Published by Angry Robots in the UK and Jacana in South Africa, Zoo City is only the second novel from South African writer, Lauren Beukes (following Moxyland), although her work reads with the ease and lyricism of a seasoned pro, which, in all fairness, she is. Beukes has a journalism and scriptwriting background and she isn’t afraid to use these hard-earned skills in her novel writing, which shines through both in wording and style. Beukes is the writer equivalent of a method actor: a method writer. Her research is both academic and physical and she’s been to healers’ markets, visited churches that once housed over three thousand refugees has been thrown out of night clubs, all in the name of fiction. Her methods pay off.
Ex-drug addict Zinzi December is a woman with a past, but that’s obvious from the Sloth on her back. FL (former life) she was a journalist, but now she lives in the South African slums of Zoo City, where most of the residents have been ‘animalled’. She’s become a Mashavi, which refers to both her animal familiar, Sloth, and her magical ability, which for her is to find lost things. Like others in this alternative present, her animal was thrust upon her by the shadowy Undertow, which came for her after her brother was killed by a bullet meant for her. Whether it’s a guilty conscience that has started to manifest physically, a godly punishment or, like the daemons in Phillip Pullman’s His Dark Materials (something hinted at in the book), part of their soul, being animalled in a society already suffering from other xenophobic attitudes is not conductive to an easy life.

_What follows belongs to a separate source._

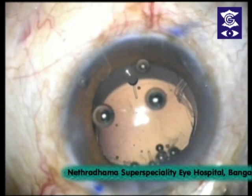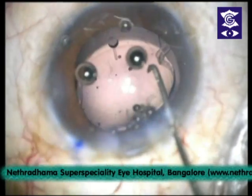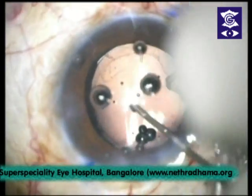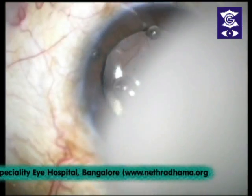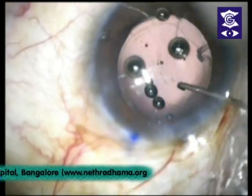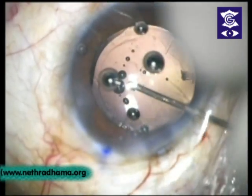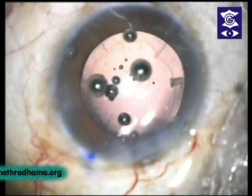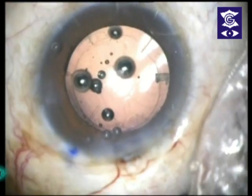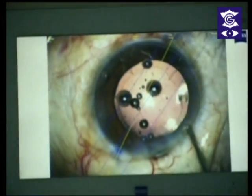This is the injecting done using the wound assist technique. You can see the lens going into the bag comfortably. I'll tuck the lens in and rotate it to coincide with the blue axis. Lens is here — you can see the axis marking. I'll rotate it. Now you can see that the lens axis coincides almost accurately with the blue line.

Still paying off drug debts she racked up in her FL, Zinzi is involved with Internet scams as well as using her ability to find lost things – for a price – when she’s implemented in the murder of one of her clients. In need of the money after the police take her payment for that job, she’s forced to break her ‘no missing persons’ rule to find a lost pop princess and becomes embroiled in more murders and shady goings-on in the music world.

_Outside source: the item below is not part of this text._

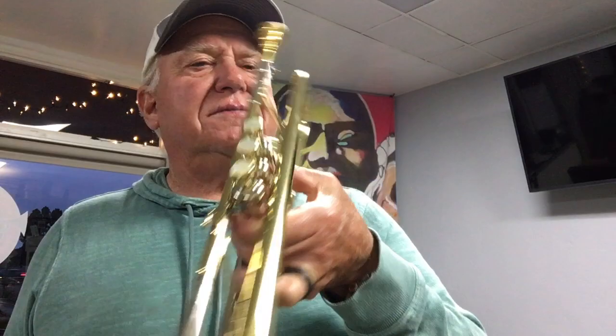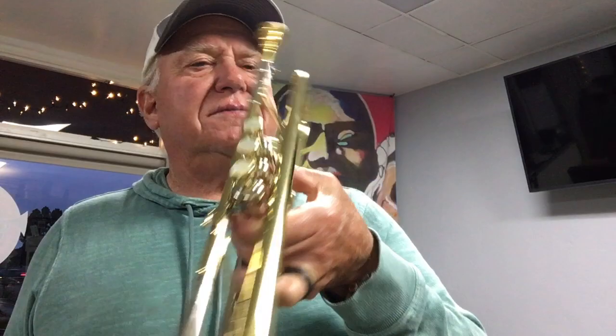You can find it in the Vintage Trumpet section of Horntrader.com, and also in the B-flat section, and also in the What's New category.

Even with the first person narrative, Zinzi – with her fabulous insults and severe personal issues - is a difficult person to get to know, but by the end you feel that you at least understand her for all of her foibles. This is a story that feels personal, and painful. From Zinzi’s touchingly fragile relationship with Benoît, another Mashavi, to the very real history of the country that still haunts them, although it’s Fantasy the magic is more mythological and is not what drives the story. It’s primarily focussed on the broken people desperate to pick up the pieces just to get by from day-to-day and to rebuild some sort of life, and it’s about living with regret, in this case literally with the physical presence of their animals. The fear of being animalled and the inability to get away from your animal if it happens to you adds an element of claustrophobia to the simmering crucible of a society already in troubled times. Although similar to the daemons in Pullman’s universe, the idea of being unable to hide an aspect of yourself – the monkey on your back - is compelling enough, along with the fast-paced plot, that the novel never falls into the trap of being all concept and no substance.
Beukes paints a bleak picture of Johannesburg and human nature in general; it’s a crumbling city where the ridiculously opulent areas are side-by-side with the dirt-poor, like gold teeth in a rotting mouth. I usually enjoy books more that are lighter in tone, but this bleakness doesn’t overwhelm the novel because the theme of redemption is present throughout, driving the characters forward, however unconsciously.
With Zoo City, Beukes shows what can still be done with the Urban Fantasy genre: it’s a wonderful, gritty, unique gem of a novel, filled with witty dialogue and sentences that zing off the page, and, much like her troubled main character Zinzi, is edgy without being alienating and vulnerable without being soft.